Q: Air travel was THE most dangerous method of travel in 1931. It's now become the SAFEST way to travel. Aviation historians say this transformation came mostly as the result of a single airplane crash in Kansas. Which famous person's death led to a series of airplane improvements and new safety measures in air travel?
A: Knute Rockne, Notre Dame's football coach (who died on TWA Flight 599, along with seven other people)
The death of Notre Dame Football coach Knute Rockne, on March 31, 1931, was mourned worldwide. During the late 1920s and early 1930s, Rockne was more than just a legendary football coach. He was a hero to millions who admired his fighting spirit and his sense of morality. And they looked to him for inspiration during the dark days of the Great Depression. Though he was born in Norway, Rockne was considered an all-American icon.

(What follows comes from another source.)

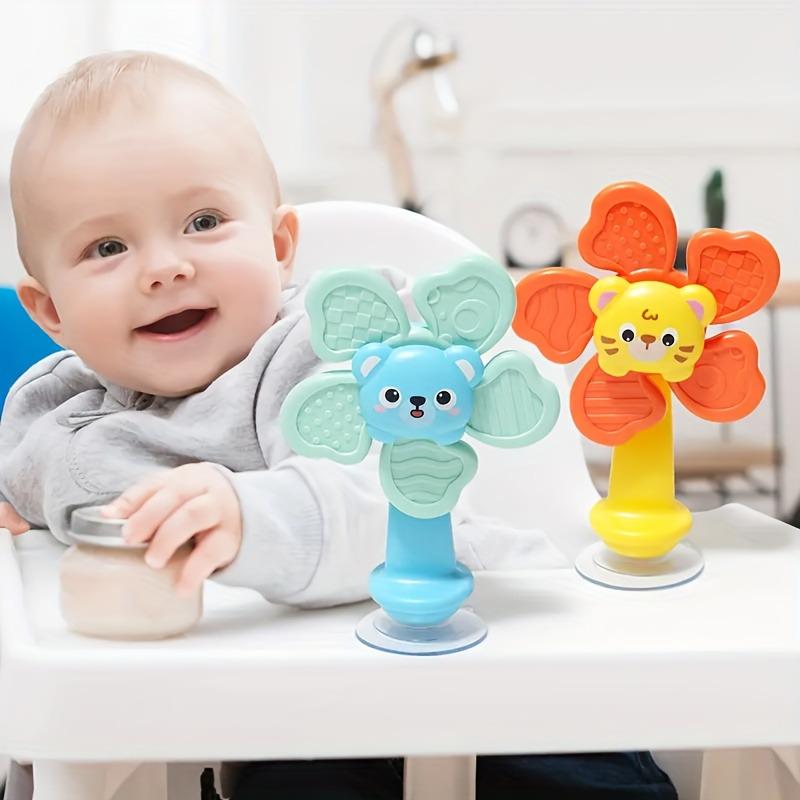 Baby Suction Cup Spinner, ABS sensory toy, portable for travel, helps develop motor and cognitive skills.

When the plane he was riding, TWA Flight 599, crashed in the Kansas Flints Hills, killing everyone onboard, the nation was in shock. And the American people wanted answers. How could this happen? Prior to this crash, the U.S. government kept the results of most crash investigations secret. This changed with TWA Flight 599. And, due to worldwide interest in the crash and subsequent investigation, air travel and the aviation industry changed dramatically.

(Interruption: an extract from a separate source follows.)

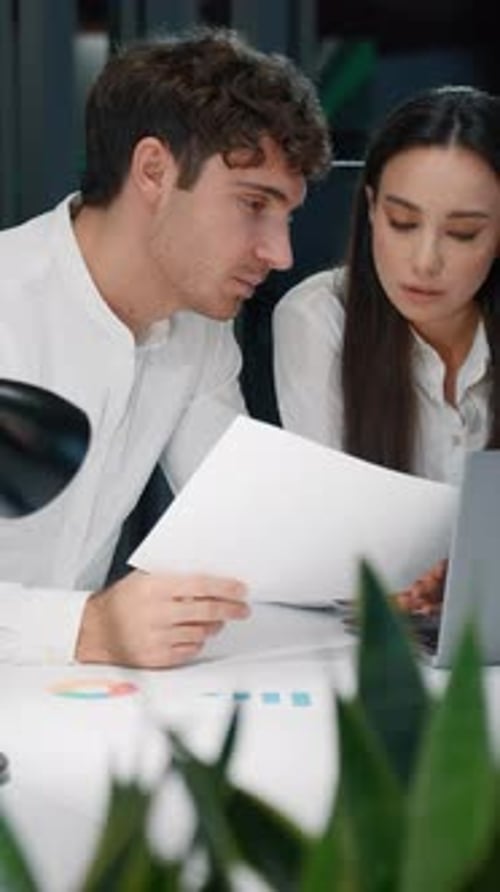 Two Business Partners Talking Looking in Papers with Stats Data Graphs of Project Marketing Result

Aviation historian Richard Harris, of Wichita, writes: "As a result of the responses to the 1931 prairie crash, aviation changed -- from rare, expensive, uncomfortable and dangerous -- to safe, comfortable, affordable, and common. And airline travel, worldwide, underwent an explosive growth, to seven times as much passenger traffic within just a half-dozen years of the crash -- while fatal risks dropped to a small fraction of the risk that Rockne and his fellow passengers had faced."
Great tragedy often gives birth to monumental change. The death of this famous coach, the much-loved Knute Rockne, led to major changes in the airline industry, which resulted in safer planes and safer air travel for everyone.